- Church: Roman Catholic Church
- Diocese: Ferrara
- See: Ferrara
- Appointed: 26 February 1663
- Term ended: 26 November 1669
- Predecessor: Carlo Pio di Savoia
- Successor: Carlo Cerri
- Other posts: Cardinal-Deacon of Sant'Agata alla Suburra (1655-69) Cardinal Protodeacon (1667-69)
- Previous posts: Cardinal-Deacon of San Giorgio in Velabro (1643-55) Bishop of Vigevano (1649-54) Bishop of Ajaccio (1651-55) Bishop of Imola (1655-63)

Orders
- Consecration: 12 May 1652 by Luca Torreggiani
- Created cardinal: 13 July 1643 by Pope Urban VIII
- Rank: Cardinal-Deacon

Personal details
- Born: Giovanni Stefano Donghi 1608 Genoa
- Died: 26 November 1669 (aged 61) Rome, Papal States
- Buried: Santissimo Nome di Gesù, Rome, Italy
- Parents: Bartolomeo Donghi Giacoma Bernardi
- Alma mater: University of Bologna University of Salamanca

= Giovanni Stefano Donghi =

Italian Catholic cardinal

Giovanni Stefano Donghi (1608 – 26 November 1669) was an Italian Catholic cardinal.

==Early life==
Donghi was born in Genoa in 1608, the son of Bartolomeo Donghi and Giacoma Bernardi. After completing his undergraduate work in the Humanities and Philosophy, he began his university studies at the University of Bologna and completed them with a degree from the University of Salamanca.

==Ecclesiastic career==
Throughout the 1630s, Donghi was employed in a number of administrative positions in Rome including referendary of the Tribunals of the Apostolic Signature of Justice and of Grace.

On 15 June 1635, he was appointed Protonotary Apostolic de numero participantium and Cleric of the Apostolic Camera (Treasury). He rose to the post of President of the Apostolic Chamber.

In 1643, he acted as commissary-resident for the three legations held by Cardinal Antonio Barberini over regions in which he did not reside - effectively operating as the cardinal's representative in those regions when the cardinal was not there. He was also sent by the pope as legate to Lombardy during the First War of Castro, to reach a peace agreement with the Dukes of Parma after the pope renounced the peace agreement negotiated by Cardinal Bernardino Spada. He was then named Protonotary Apostolic at the Datary.

===Cardinal===
Donghi was created a cardinal-deacon by Pope Urban VIII in the consistory of 13 July 1643, and assigned the Deaconry of San Giorgio in Velabro on 31 August 1644. Urban died a year later, on 29 July 1644, and Donghi was one of the fifty-seven cardinals who participated in the papal conclave of 1644. The Conclave opened on 9 August, and resulted in the election of Pope Innocent X on 15 September 1644. Donghi was openly a part of the Spanish faction of the College of Cardinals.

Thereafter he was named plenipotentiary of Pope Innocent during the Second War of Castro, returned to Lombardy and helped to reach a treaty with the Duchy of Parma.

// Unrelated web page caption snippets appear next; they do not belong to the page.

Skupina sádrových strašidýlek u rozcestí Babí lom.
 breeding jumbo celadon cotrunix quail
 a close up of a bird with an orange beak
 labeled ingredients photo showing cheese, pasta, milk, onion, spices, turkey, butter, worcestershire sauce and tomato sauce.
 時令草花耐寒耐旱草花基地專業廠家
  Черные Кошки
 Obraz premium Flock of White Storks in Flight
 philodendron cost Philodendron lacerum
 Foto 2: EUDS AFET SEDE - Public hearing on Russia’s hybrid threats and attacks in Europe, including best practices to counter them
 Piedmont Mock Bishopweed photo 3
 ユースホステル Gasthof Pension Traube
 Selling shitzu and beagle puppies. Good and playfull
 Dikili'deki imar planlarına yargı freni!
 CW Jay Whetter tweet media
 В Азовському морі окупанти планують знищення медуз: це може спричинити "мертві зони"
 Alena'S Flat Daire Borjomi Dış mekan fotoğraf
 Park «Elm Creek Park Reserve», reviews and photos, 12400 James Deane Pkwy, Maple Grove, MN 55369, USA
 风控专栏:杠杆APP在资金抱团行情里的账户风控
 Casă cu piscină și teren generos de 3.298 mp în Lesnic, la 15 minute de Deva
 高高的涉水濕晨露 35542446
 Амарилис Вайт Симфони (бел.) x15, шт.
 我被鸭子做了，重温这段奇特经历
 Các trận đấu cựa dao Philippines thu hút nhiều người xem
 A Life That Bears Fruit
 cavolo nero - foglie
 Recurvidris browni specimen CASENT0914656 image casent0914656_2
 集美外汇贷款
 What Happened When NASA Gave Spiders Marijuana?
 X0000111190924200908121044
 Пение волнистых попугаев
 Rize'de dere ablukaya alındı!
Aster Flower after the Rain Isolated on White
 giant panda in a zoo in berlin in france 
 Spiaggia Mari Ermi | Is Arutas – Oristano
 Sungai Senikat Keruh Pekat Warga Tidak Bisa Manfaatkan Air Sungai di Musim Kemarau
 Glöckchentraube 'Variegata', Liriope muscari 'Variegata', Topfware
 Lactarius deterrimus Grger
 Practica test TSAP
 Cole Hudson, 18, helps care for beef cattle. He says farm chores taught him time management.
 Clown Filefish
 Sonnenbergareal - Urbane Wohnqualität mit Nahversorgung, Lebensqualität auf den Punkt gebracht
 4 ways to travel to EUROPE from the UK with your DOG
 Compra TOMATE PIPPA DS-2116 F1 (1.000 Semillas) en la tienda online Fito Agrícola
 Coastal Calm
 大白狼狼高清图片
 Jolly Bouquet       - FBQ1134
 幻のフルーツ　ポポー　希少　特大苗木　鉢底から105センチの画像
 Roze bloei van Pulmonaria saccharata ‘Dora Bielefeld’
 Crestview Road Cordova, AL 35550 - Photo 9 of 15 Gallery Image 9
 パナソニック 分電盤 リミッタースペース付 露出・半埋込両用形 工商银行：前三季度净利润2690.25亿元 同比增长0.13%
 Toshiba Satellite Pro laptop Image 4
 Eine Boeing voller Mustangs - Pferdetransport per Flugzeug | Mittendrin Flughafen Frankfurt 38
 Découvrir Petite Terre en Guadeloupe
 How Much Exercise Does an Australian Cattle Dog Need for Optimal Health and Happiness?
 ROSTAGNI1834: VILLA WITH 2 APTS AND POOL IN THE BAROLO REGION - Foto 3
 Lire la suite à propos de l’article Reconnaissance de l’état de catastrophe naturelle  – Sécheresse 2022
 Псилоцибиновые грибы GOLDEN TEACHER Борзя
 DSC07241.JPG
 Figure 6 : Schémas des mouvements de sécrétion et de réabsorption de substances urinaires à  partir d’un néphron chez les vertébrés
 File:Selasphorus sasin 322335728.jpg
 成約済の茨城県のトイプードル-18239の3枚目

He and Cardinal Alessandro Bichi signed the Peace on 31 March 1644.

On 3 July 1651 Cardinal Donghi was named Legatus in the Romandiola and the Exarchate of Ravenna by Pope Innocent X. An inscription in Ravenna, dated 1654, commemorates Donghi's providing supplies of grain to the city during a famine. He was elected Bishop of Ajaccio, Corsica, on 27 November 1651.

Pope Innocent X died on 7 January 1655. The Conclave to elect his successor opened on 18 January. Donghi was one of sixty-six cardinals who participated in the Conclave of 1655. On 7 April, after much twisting and turning over the candidacies of Cardinals Sacchetti, Carafa and Chigi, the Cardinals elected Fabio Chigi, who chose the throne name Pope Alexander VII.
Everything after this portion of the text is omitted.